For instance, users who will participate in Data Factory pipeline development must be assigned to the Data Factory Contributor role in Azure. Users can authenticate via AAD to log in to Azure SQL DW. You can use AD Groups to grant permissions to users interacting with various Azure resources such as Azure SQL DW or SQL DB as well as Azure Analysis Services and Power BI. It’s more efficient to manage permissions for groups than to do it for each user. You’ll need a plan to manage group membership.

You may also need to register applications in Azure Active Directory to allow Azure services to authenticate and interact with each other. While the guidance for many services is now to use managed identities, this may not be available for every situation just yet.  

If your organization has some infrastructure on premises, it is likely that they have Active Directory on premises as well. So you will want to make sure you have a solution in place to sync your on-premises and Azure Active Directory.

Networking

Virtual Networks (or VNets) allow many types of Azure resources to securely communicate with each other, the internet, and on-premises networks.

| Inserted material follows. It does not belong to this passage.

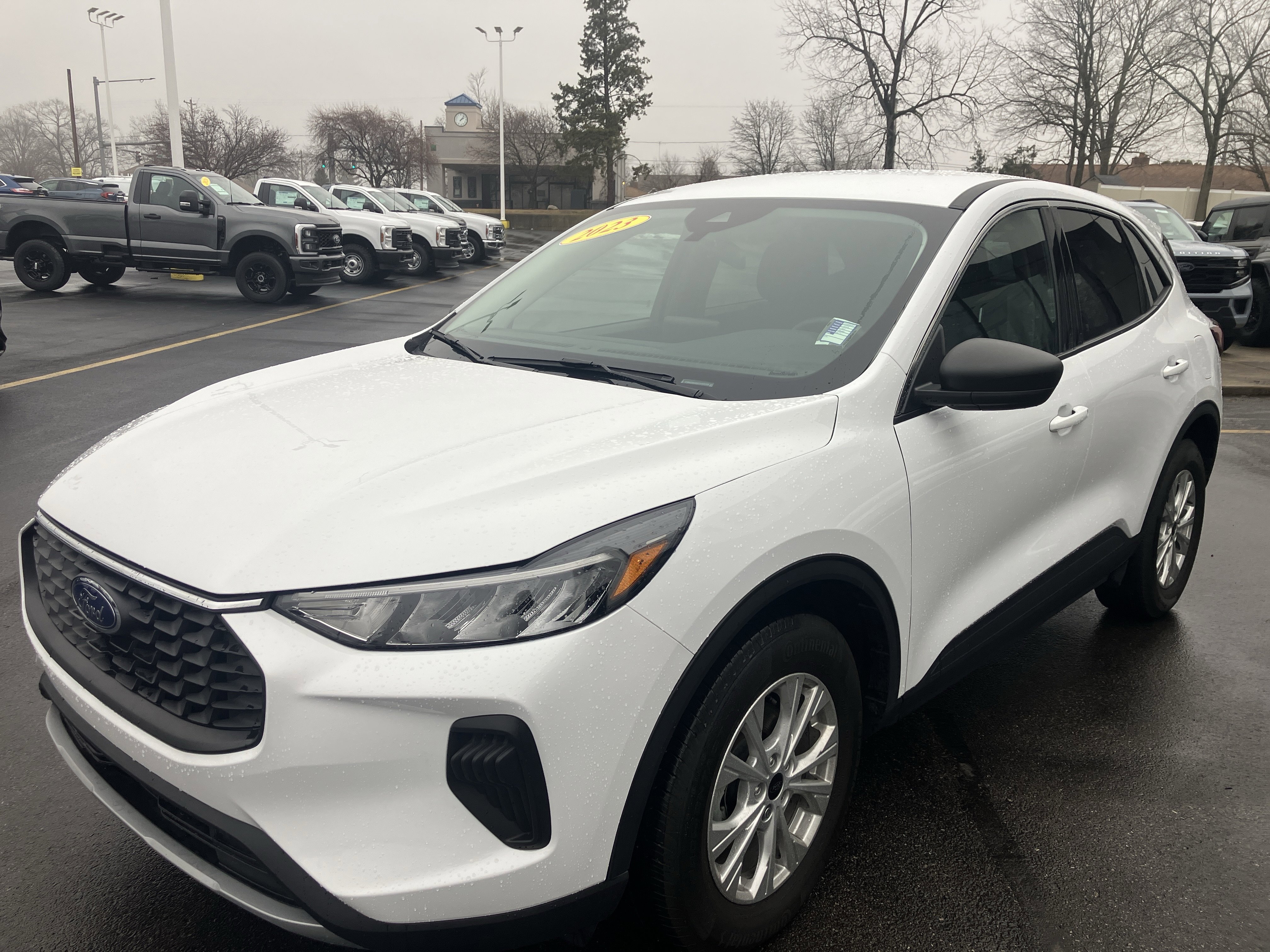 Used 2023 Ford Escape Active image 3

You can have multiple virtual networks in an Azure subscription. Each virtual network is isolated from other VNets, unless you set up VNet peering.

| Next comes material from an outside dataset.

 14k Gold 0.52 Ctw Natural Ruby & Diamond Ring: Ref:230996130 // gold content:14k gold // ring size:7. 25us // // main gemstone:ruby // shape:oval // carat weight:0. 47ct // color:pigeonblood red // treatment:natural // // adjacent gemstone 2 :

Some PaaS services such as Azure Storage Accounts, Azure SQL DW, and Azure Analysis Services support Virtual Network Service Endpoints. A common usage scenario is to set up VNets and VNet Service Endpoints to connect resources to on-premises networks. Some organizations prefer to use VNet Service Endpoints instead of public service endpoints, making it so that traffic can only access the resource from within the organization’s local network.

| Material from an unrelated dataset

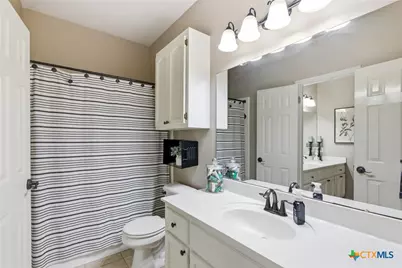 206 Windy Way Drive, Victoria, TX 77904 - Photo 28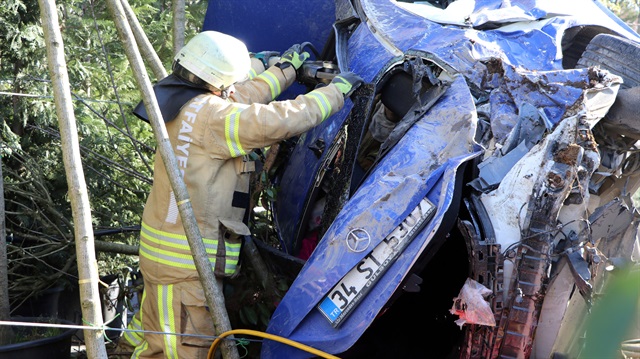 Çekmeköy'de meydana gelen kazada lüks araç kullanılmaz duruma geldi.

In order to connect a VNet to an on-premises network or another VNet (outside of peering), you’ll need a VPN Gateway. You’ll need to identify the most appropriate type of VPN Gateway: Point-to-Site, Site-to-Site, or Express Route. These offerings differ based on bandwidth, protocols supported, routing, connection resiliency, and SLAs. Pricing can vary greatly based upon your gateway type.

While VNets and VPN Gateways are probably the most common networking resources in Azure, there are many other networking services and related design decisions to consider as you plan an Azure deployment.

Data Gateways

Your BI solution may be entirely in Azure, but if you need to retrieve data from data sources in a private network (on premises or on a VNet), you’ll need a gateway. If you are using Azure Data Factory, you’ll need a Self-hosted Integration Runtime (IR). If the source for your Power BI or Azure Analysis Services model is on a private network, you’ll need an On-Premises Data Gateway. You can use the same gateway to connect to Analysis Services, Power BI, Logic Apps, Power Apps, and Flow. If you will have a mix of Analysis Services and Power BI models sharing the same gateway, you’ll need to make sure that your Power BI region and your AAS region match.

These gateways require that you have a machine inside the private network on which to install them. And if you want to scale out or have failover capabilities, you may need multiple gateways and multiple VMs. So while you may be building a solution in Azure, you might end up with a few on-premises VMs to be able to securely move source data.

Dev and Test Environments

Our nice and tidy diagram above is only showing production. We also need at least a development environment and maybe one or more test environments. You’ll need to decide how to design your dev/test environments. You may want duplicate resources in a separate resource group; e.g. a dev resource group that contains a dev Data Factory, a dev Azure SQL DW, a dev Azure Analysis Services, etc. While separating environments by resource group is common, it’s not your only option. You will need to decide if you prefer to separate environments by resource group, subscription, directory, or some combination of the three.

ARM templates and PowerShell are very useful for deploying updates and creating new environments. Also, take a look at Azure Blueprints.

You’ll also want to investigate ways to keep the costs of non-prod environments down via smaller-sized resources or pausing or deleting resources where applicable.

Plan For, Don’t Worry About, the Extras

There are several other ancillary Azure services that could/should be part of your solution.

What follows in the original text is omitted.